I think there's a nominal charge for membership and the course.  The advantage of the NCT is, in my opinion, that the members really want to be there, to consider the best birthing route for them.  Loads of support from people who'd been there, done that.

honeyend

  • Joined Oct 2011
Re: Making the Most of Maternity Leave
« Reply #28 on: April 12, 2018, 12:34:57 am »
My advice on maternity leave is do nothing, because it will be the last chance you will get.
  I would take time to review what really needs to be done as opposed to what you would like to do. As long as every thing gets fed, has water and has a reasonably clean bed, nothing will die.
  I have always hated housework, I was nest building for about a week and it drove me mad, so having a baby is the chance to cut everything to a minimum and invest in a cleaning company to give it a good do once every six months. Top tip, get a good 1600 spin washing machine, and I know some people think they are the devils work, a tumble dryer. I air dry washing and finish it off in the dryer, its great!
  The sun will shine soon so enjoy your baby, that's what's important.

Anke

  • Joined Dec 2009
  • St Boswells, Scottish Borders
Re: Making the Most of Maternity Leave
« Reply #29 on: April 12, 2018, 11:47:03 am »

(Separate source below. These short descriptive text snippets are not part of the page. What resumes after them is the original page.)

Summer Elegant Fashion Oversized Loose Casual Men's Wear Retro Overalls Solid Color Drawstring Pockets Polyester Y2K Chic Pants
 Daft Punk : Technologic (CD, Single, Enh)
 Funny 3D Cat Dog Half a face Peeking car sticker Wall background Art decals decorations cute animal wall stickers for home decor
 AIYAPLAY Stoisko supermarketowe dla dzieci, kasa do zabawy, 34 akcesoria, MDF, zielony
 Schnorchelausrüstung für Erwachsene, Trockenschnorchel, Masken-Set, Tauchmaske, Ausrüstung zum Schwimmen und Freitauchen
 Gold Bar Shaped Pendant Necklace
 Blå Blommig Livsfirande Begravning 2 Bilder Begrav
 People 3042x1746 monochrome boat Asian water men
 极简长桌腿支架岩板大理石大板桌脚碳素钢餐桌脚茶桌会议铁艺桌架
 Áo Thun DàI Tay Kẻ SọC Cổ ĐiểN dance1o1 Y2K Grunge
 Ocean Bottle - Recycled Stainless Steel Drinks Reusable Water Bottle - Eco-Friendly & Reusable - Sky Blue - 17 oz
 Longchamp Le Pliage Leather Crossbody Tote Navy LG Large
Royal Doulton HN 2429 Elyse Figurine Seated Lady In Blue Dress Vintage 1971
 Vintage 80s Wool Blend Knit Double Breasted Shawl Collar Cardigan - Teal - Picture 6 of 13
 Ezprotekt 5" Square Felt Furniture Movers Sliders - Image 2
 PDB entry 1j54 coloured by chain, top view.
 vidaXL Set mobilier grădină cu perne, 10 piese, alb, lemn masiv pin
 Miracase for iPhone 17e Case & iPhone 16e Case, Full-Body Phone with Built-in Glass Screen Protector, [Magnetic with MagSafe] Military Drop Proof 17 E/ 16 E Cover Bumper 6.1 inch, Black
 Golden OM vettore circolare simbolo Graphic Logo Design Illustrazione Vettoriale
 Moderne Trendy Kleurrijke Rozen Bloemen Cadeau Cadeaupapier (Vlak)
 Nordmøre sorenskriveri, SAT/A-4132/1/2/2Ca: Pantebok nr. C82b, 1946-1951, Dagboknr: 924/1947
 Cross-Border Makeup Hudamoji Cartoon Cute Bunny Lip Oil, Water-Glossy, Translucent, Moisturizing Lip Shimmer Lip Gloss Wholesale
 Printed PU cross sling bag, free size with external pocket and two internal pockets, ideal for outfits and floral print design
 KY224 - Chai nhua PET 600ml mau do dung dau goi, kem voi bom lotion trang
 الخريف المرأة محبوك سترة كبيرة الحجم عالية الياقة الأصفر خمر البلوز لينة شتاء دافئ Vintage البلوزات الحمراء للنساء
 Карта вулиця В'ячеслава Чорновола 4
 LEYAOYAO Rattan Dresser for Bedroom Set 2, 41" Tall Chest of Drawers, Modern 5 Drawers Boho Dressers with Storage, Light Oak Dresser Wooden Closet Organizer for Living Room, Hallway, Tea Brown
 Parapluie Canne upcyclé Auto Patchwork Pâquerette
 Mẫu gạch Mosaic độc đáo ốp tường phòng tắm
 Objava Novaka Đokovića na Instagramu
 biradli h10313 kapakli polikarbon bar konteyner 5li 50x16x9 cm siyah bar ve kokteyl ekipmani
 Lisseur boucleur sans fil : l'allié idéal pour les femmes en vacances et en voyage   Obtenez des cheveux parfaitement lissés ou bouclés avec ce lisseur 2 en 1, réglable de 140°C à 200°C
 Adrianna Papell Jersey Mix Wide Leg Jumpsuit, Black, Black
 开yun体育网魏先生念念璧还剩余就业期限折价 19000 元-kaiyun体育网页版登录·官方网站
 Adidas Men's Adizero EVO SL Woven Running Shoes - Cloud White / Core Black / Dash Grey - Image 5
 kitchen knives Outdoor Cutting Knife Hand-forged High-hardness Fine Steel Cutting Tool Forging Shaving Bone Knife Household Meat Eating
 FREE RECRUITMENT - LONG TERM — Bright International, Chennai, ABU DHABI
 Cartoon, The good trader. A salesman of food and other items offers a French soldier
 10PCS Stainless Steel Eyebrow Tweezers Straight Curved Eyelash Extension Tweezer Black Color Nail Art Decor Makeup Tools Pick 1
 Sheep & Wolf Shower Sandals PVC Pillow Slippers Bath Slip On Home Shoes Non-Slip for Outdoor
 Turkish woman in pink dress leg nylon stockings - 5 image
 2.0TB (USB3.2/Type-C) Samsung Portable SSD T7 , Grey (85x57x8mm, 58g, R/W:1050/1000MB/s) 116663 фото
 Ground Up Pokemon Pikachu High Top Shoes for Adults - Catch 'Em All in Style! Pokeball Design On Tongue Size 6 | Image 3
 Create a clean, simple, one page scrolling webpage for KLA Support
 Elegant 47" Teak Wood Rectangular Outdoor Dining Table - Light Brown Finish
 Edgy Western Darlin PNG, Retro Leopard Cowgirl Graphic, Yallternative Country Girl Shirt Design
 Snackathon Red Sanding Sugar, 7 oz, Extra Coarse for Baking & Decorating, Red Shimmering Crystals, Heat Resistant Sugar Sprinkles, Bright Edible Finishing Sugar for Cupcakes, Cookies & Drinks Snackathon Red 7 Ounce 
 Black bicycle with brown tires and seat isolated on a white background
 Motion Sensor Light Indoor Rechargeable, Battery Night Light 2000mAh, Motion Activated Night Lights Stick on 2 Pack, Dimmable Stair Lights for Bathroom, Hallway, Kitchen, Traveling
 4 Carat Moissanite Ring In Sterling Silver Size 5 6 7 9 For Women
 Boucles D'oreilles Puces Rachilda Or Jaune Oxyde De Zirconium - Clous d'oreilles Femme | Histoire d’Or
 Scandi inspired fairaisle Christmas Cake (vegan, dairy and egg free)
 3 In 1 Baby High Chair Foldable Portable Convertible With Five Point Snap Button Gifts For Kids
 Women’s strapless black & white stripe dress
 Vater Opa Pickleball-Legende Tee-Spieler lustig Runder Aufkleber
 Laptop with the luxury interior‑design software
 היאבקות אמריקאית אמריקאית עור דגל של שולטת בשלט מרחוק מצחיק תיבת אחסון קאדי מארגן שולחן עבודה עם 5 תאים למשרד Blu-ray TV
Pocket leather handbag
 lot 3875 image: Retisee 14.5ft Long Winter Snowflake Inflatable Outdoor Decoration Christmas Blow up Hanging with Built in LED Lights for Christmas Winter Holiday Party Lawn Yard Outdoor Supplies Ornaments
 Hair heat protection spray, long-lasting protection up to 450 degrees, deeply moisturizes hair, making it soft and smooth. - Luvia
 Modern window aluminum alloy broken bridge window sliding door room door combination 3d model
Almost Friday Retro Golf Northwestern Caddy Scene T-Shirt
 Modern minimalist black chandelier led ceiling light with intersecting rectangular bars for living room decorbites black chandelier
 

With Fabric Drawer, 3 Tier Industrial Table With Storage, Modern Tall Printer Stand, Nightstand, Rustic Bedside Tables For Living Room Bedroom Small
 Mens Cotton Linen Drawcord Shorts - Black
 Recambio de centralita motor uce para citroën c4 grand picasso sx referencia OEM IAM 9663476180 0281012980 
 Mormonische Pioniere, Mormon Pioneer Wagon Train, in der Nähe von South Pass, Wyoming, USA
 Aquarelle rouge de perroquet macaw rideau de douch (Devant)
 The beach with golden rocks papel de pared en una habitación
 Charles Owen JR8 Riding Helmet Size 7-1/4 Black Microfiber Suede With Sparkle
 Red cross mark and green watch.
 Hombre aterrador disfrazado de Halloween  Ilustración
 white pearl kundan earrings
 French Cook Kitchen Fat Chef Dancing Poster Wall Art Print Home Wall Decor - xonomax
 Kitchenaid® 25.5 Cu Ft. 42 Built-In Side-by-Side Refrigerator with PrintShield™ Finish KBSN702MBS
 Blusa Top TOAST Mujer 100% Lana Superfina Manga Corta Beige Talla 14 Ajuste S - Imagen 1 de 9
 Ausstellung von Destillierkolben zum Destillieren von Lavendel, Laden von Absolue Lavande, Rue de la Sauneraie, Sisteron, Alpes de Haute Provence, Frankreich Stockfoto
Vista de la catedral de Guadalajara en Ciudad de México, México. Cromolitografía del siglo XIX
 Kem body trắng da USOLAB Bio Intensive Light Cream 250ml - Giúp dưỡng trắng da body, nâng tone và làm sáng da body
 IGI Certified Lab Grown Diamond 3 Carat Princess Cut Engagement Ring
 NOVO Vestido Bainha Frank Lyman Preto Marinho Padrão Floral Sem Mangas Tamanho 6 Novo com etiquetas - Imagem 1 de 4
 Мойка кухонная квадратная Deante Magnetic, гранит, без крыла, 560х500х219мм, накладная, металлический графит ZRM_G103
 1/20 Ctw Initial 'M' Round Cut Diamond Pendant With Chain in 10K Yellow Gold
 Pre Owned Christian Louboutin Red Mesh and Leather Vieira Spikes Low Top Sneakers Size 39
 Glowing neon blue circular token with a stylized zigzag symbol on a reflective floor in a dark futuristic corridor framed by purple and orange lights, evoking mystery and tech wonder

On another tack entirely is there a National Childbirth Trust branch in your area?
Probably.  I was just going to go to whatever antenatal classes my midwife sends me to.  NHS ones?  Are there advantages to attending NCT classes rather than whatever the other ones are?  I think one of my friends went to NCT ones because they're on at weekends so it meant her husband could attend without having to take unpaid time off work.  But then I think you have to pay for the NCT ones.  Not sure.
I think there's a nominal charge for membership and the course.  The advantage of the NCT is, in my opinion, that the members really want to be there, to consider the best birthing route for them.  Loads of support from people who'd been there, done that.


While the NCT is really good for baby groups and meeting up in coffee shops/play parks/swimming pools etc (my NCT group still meets 17 years later, but now without the kids in a pub or someone's house for drinks), I have found the ante-natal classes very much focussed on a natural birth only and making women feel that's what they have to choose. If things then don't go to plan (as it did in my case), it makes you feel quite overwhelmed  and guilty (as if it is your fault) at a time when you are not quite your normal self and in my case - for months afterwards. I found the NHS ones were much more open-minded and in our case also involved the midwives from the local GP practices, who were also looking after you. NCT also cost money to join, NHS ones were free.